§ Task brief
Please return every line from the entries that has the string "Maker" in it.

[[ Information provided, beginning ]]

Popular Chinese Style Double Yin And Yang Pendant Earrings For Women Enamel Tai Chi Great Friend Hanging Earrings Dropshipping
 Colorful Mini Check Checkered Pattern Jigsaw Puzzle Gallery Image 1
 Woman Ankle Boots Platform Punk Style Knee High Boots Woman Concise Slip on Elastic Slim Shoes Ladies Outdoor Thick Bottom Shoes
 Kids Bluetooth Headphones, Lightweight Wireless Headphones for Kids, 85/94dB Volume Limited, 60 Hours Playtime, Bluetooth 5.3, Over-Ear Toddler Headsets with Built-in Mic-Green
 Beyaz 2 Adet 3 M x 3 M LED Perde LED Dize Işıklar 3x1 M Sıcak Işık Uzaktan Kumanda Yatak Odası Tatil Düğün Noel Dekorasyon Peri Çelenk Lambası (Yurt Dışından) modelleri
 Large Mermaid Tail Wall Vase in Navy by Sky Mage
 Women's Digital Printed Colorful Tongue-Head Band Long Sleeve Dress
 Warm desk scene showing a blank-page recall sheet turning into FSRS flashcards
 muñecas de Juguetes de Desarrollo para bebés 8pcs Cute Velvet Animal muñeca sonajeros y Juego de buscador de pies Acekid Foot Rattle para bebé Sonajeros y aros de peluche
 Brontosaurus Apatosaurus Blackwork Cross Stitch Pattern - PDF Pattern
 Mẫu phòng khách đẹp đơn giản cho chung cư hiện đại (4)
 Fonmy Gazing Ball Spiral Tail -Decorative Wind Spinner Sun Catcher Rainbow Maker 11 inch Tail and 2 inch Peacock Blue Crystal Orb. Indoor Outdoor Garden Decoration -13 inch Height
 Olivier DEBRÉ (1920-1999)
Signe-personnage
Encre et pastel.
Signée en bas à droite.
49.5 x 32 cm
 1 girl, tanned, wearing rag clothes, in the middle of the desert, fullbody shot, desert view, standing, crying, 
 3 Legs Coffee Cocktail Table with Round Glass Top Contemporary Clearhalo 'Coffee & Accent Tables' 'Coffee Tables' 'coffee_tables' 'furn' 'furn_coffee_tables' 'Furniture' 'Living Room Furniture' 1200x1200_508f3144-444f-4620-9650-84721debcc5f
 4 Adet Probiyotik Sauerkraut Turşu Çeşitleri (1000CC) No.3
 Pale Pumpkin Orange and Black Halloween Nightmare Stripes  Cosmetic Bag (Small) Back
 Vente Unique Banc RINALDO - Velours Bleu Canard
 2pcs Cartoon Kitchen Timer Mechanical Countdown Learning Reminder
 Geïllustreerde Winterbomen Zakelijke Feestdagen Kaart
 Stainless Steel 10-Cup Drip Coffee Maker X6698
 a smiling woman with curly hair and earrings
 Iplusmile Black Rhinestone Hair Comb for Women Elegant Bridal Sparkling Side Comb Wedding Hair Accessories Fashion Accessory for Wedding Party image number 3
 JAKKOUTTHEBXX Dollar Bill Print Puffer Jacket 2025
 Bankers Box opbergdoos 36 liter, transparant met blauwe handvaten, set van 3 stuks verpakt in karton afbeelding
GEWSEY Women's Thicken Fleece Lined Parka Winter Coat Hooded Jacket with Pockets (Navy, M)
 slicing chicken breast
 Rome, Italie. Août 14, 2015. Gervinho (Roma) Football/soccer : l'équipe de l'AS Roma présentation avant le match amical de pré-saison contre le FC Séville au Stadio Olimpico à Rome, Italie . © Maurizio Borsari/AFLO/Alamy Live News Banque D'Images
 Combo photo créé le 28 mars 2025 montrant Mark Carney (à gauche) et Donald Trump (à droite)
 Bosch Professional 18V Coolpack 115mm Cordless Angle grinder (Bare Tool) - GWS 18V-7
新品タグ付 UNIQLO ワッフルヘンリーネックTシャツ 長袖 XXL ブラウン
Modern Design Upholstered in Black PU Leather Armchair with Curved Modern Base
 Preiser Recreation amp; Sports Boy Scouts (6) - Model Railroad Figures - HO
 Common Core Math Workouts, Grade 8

[[ Information provided, end ]]

§ Response
 Fonmy Gazing Ball Spiral Tail -Decorative Wind Spinner Sun Catcher Rainbow Maker 11 inch Tail and 2 inch Peacock Blue Crystal Orb. Indoor Outdoor Garden Decoration -13 inch Height
 Stainless Steel 10-Cup Drip Coffee Maker X6698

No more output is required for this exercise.